*INSTRUCTIONS FOR THE TASK*
Set the whole listing down again, word for word, with no pictures.

*DATA SHOWN*
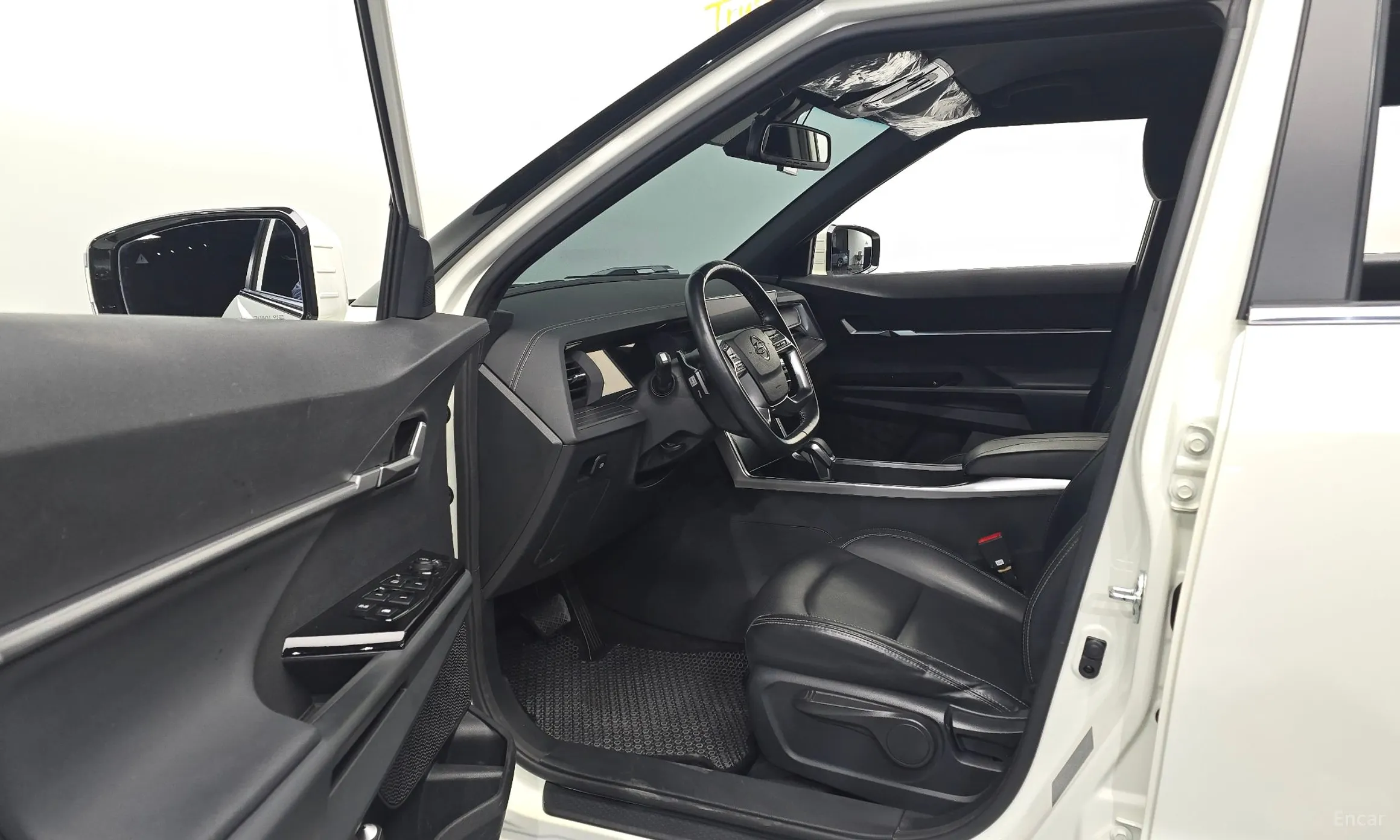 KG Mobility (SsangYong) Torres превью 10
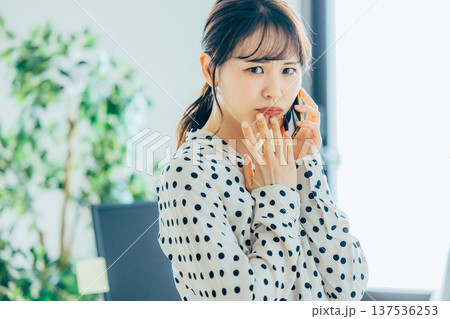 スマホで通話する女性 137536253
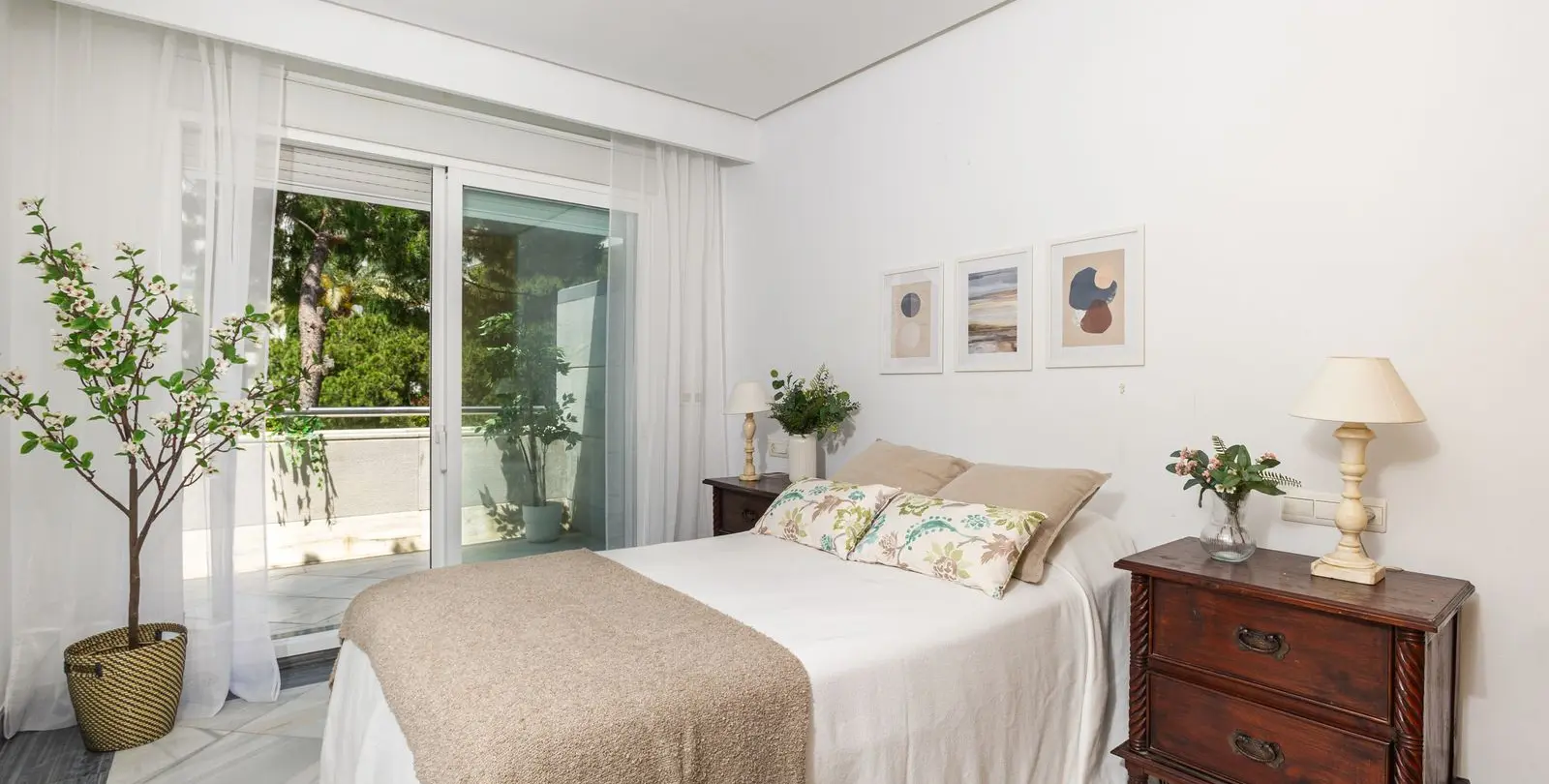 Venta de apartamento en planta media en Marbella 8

*PROBLEM SOLUTION*
 KG Mobility (SsangYong) Torres превью 10
 スマホで通話する女性 137536253
 Venta de apartamento en planta media en Marbella 8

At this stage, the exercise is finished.